RNC FLOUNDERING CONTINUES…. After a humiliating week last week, the Republican National Committee hoped to get back on track quickly. It had already fired one staffer, “Young Eagles” events had been scrapped, and the RNC managed to go the whole weekend without any new scandals emerging.
Late yesterday, however, we saw the latest evidence of a party in total disarray.
The Republican National Committee’s chief of staff resigned under pressure Monday, which Chairman Michael S. Steele described as an effort to reassure wavering donors in the wake of a controversy over its most recent expense accounting.
The resignation of Ken McKay, Steele’s highest-ranking aide, is the most drastic in a series of attempts at damage control by the RNC after it was revealed March 29 that the committee had spent $1,900 to entertain young donors at a risque West Hollywood nightclub.
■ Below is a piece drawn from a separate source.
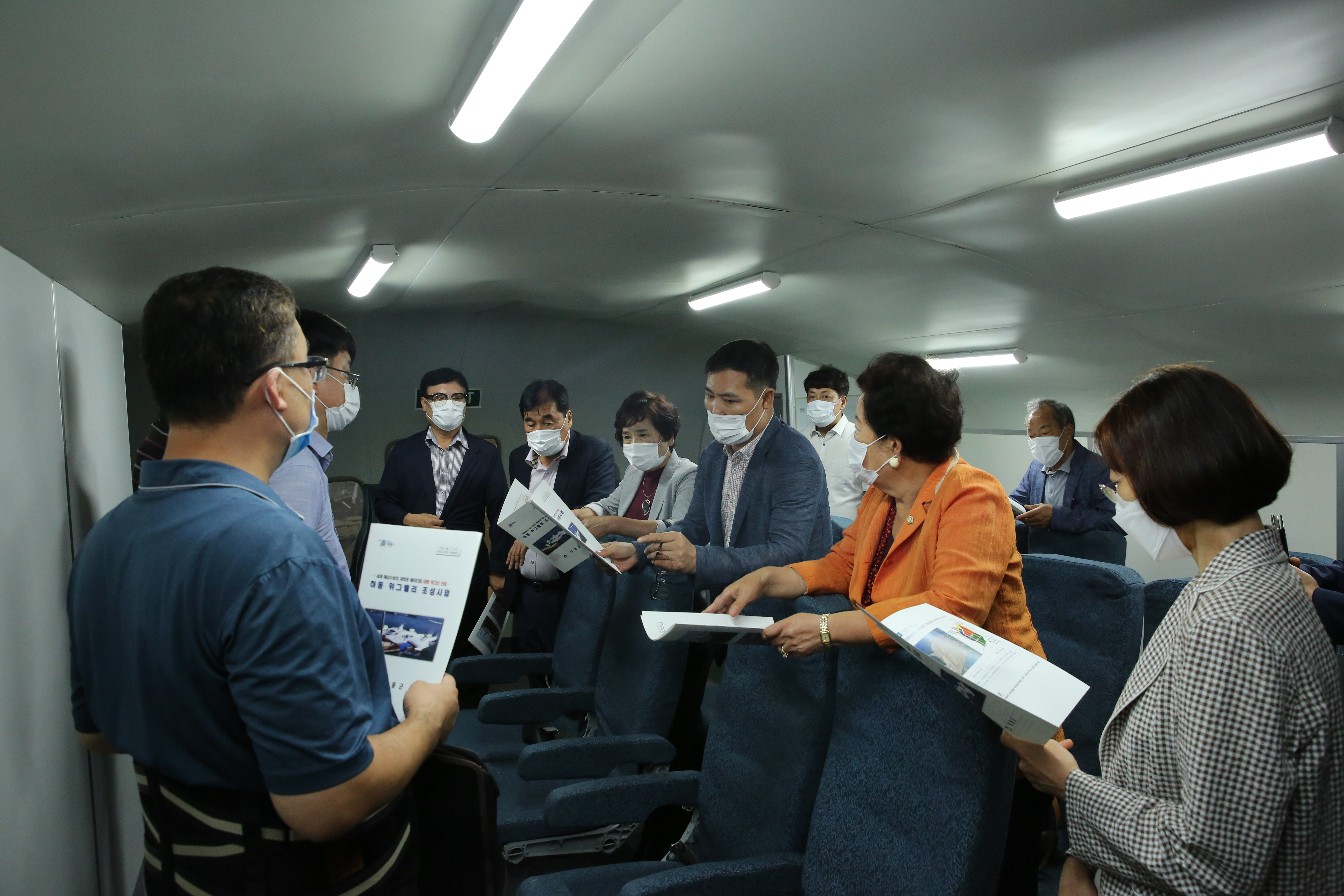 2020. 8. 27. 위그선 현장점검 1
The staff member who authorized the expenditure was fired last week, and the RNC has implemented new spending accountability procedures.
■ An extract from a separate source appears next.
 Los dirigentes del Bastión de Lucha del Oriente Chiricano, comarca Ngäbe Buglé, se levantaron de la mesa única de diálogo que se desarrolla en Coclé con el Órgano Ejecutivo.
Forcing McKay’s ouster was apparently intended to prove that Steele was taking charge and cleaning house. Republicans are angry about donor money being spent at “a bondage-themed nightclub featuring topless women dancers imitating lesbian sex”? The beleaguered chairman wants to show he’s putting things right.
The move may have actually made things worse. With McKay sacked, a major GOP consulting firm with long-standing ties to Steele announced it is severing all ties to the national party. Worse, McKay will be replaced by Steele loyalist Mike Leavitt. ABC News reported that this “could spell even more trouble for the RNC,” since Leavitt’s overbearing style has already led four RNC staffers to quit since February.
Complicating matters further, former Ambassador Sam Fox, one of the Republican National Committee’s biggest and most important fundraisers, announced yesterday that he, too, is severing his ties to the national party, in large part because he had “lost confidence” in the RNC chairman. Steele, in turn, elevated fundraiser Neil Alpert — who has a record of using his employer’s money to pay his “night club bills.”
Any chance the internal turmoil will calm the nerves of RNC donors? It seems unlikely.